Since last week, the late afternoon Sun, on our South Florida waters, seems to have a lazy glow. That intensity, felt in mid-July, seems to be toning down a bit; on a breezy evening, it’s nice to sit outside on the patio, and enjoy the evenings – it’s even better, with smell of bar-b-q and a crisp glass of a mild Shiraz in hand.
This has been an amazing summer; it started with a visit from some wonderful friends from Zurich, right around Memorial Day. They helped us welcome another beautiful South Florida summer. Sometimes, when you live in a place, it’s easy to forget how beautiful it is here. They reminded us, again, that we do live in a corner of Paradise.
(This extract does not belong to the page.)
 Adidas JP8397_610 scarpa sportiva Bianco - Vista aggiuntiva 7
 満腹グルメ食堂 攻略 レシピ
Soon after, we went on an exciting expedition to Australia; Sydney, Melbourne, Cairns and Brisbane – in three weeks we connected with astonishing natural beauty, amazing food and service, a “no worries, mate” mindset all wrapped with some beautiful memories with childhood friends. On our way back, our 15-year-old declared that this is most likely the last “long vacation” we will take as a family. Her declaration makes me realize that, in the future, it will most likely be the three of us holidaying somewhere – where she will be at a camp or doing some pre-college activity. We will always, leave a piece of ourselves behind, as we discover new things.
Like other turning points, very likely, this is the end of one stage of our lives – and the beginning of something different. It’s as if I am feeling happy and sad at the same time. I am happy that my teenager is starting to become independent; but I am also sad that she is starting to build her own universe – that is different than ours.
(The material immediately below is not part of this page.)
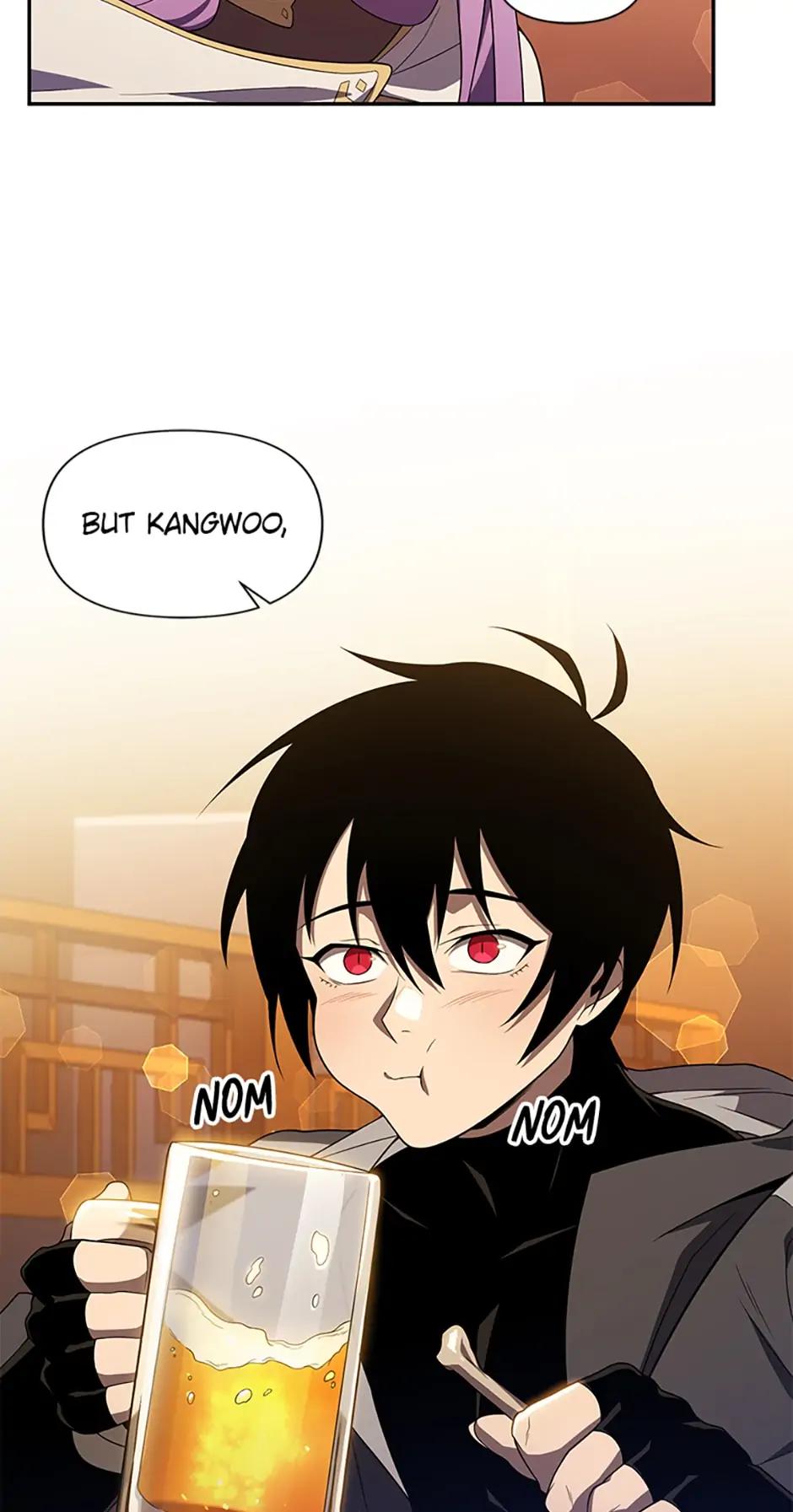 Read After Ten Millennia in Hell En Manga Online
Towards the end of our summer, my mother has come to visit us from Bangladesh. Over the years, she has visited us almost every year, around summer, and spent a few weeks. We eat a lot, argue a lot, play a few games of Scrabble and talk about old times, friends and relatives. My conversations with her are peppered with advice on how to do things differently – and how things are never, fully right.
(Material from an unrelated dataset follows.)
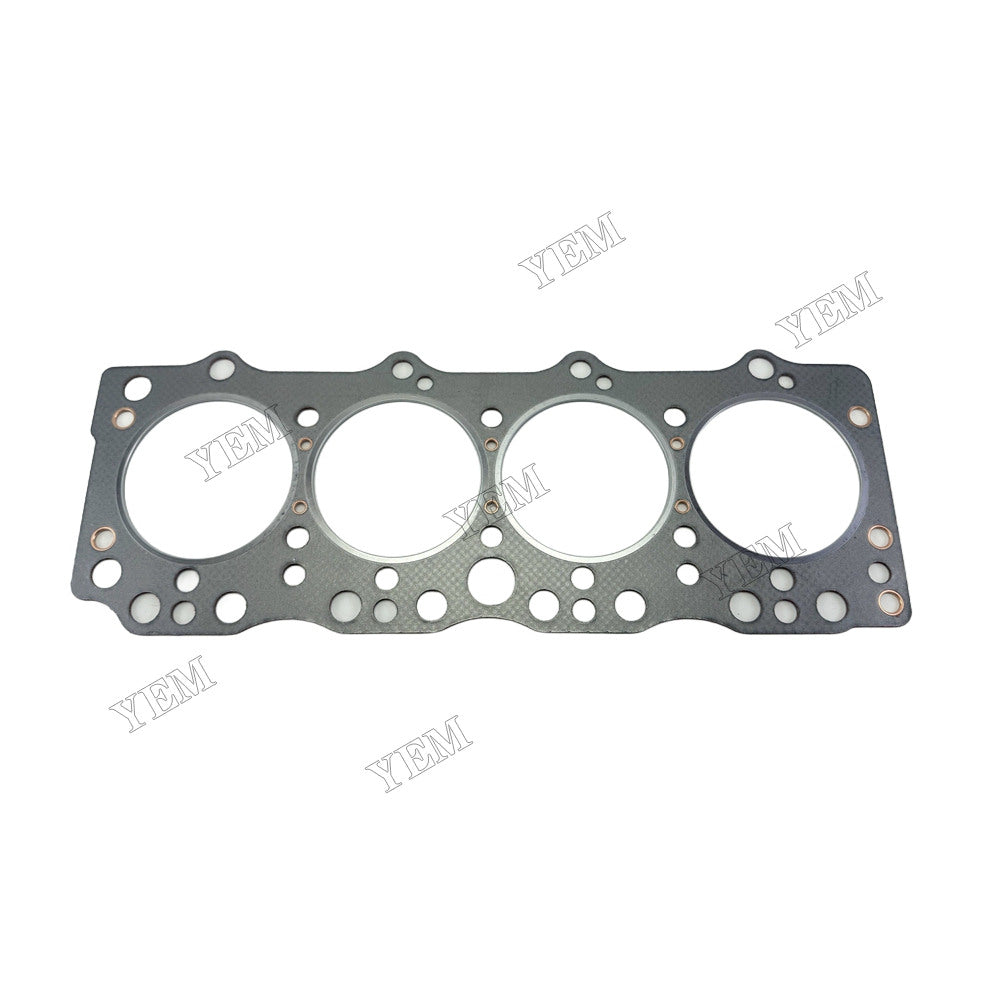 YEM Parts P034TI Head Gasket for Doosan Mechanical Spare Parts For Doosan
This time, I notice the frailties of her age, which have started to take a toll on her. It’s difficult to watch your (once strong) parents, move on to a different stage of their lives. Maybe, this is the last time she will visit us like this. With this realization, another stage of my life is changing forever. However much I try, it’s still difficult to acknowledge, that the person that has encouraged me all my life to “aim higher” is slowly fading from my life.
Searching for Nirvana, you realize, you never really get there. Just as you get close, the direction changes a bit – or a few more steps are added. As if, you are always waiting, at the doorstep of heaven. On the other hand, maybe it’s simpler than that. Maybe it is that journey – that stairway – this “bitter-sweet” transition, is the real thing. Getting near, but never really getting there.
As the sun settles down, my little mermaid and I play in the pool together. We are mesmerized by the jewels, grottos, sharks and dolphins; We notice the crimson sunset together. She reminds me how beautifully God has painted the sky. I take a lazy dip into the ninety degree pool water. I am at the doorstep of heaven. It’s close to perfect here.
Just like this sunset, tomorrow things will be different. Life will continue with its journey. I will keep climbing those steps again. With a bit of lingering nostalgia, I am grateful for today, to experience this near perfect moment – on this near perfect day – at the end of this near perfect Summer.